### YOUR TASK
Would you please transcribe the records below from the line with "Copo Térmico para" through their final line, exactly and with no other lines?
--- INPUT MATERIAL ---
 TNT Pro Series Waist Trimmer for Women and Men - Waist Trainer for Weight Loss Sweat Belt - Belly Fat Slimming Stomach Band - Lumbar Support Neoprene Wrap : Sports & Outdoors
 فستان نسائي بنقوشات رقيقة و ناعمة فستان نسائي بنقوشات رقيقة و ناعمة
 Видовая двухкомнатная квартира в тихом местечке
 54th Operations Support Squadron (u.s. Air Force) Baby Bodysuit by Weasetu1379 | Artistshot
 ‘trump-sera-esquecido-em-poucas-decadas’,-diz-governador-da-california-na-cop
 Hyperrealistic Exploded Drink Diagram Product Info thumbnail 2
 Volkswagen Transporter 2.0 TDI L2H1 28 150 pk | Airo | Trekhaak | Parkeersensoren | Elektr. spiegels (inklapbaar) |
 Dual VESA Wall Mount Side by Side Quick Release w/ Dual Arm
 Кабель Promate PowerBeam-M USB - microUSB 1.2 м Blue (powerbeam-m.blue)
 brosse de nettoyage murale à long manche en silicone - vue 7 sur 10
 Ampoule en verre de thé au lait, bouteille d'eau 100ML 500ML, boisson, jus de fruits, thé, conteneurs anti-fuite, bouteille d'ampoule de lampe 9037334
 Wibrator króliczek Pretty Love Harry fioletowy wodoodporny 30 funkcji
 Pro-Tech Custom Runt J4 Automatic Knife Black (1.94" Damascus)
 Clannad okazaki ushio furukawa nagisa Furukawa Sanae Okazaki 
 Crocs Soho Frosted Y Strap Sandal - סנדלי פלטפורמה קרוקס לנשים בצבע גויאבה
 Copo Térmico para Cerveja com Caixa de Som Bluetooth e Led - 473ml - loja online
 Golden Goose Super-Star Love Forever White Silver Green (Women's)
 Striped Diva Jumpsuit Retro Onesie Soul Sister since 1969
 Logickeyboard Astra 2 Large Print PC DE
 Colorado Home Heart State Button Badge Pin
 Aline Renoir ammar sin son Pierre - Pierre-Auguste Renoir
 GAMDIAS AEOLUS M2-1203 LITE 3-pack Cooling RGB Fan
---
### SOLUTION TO THE EXERCISE
 Copo Térmico para Cerveja com Caixa de Som Bluetooth e Led - 473ml - loja online
 Golden Goose Super-Star Love Forever White Silver Green (Women's)
 Striped Diva Jumpsuit Retro Onesie Soul Sister since 1969
 Logickeyboard Astra 2 Large Print PC DE
 Colorado Home Heart State Button Badge Pin
 Aline Renoir ammar sin son Pierre - Pierre-Auguste Renoir
 GAMDIAS AEOLUS M2-1203 LITE 3-pack Cooling RGB Fan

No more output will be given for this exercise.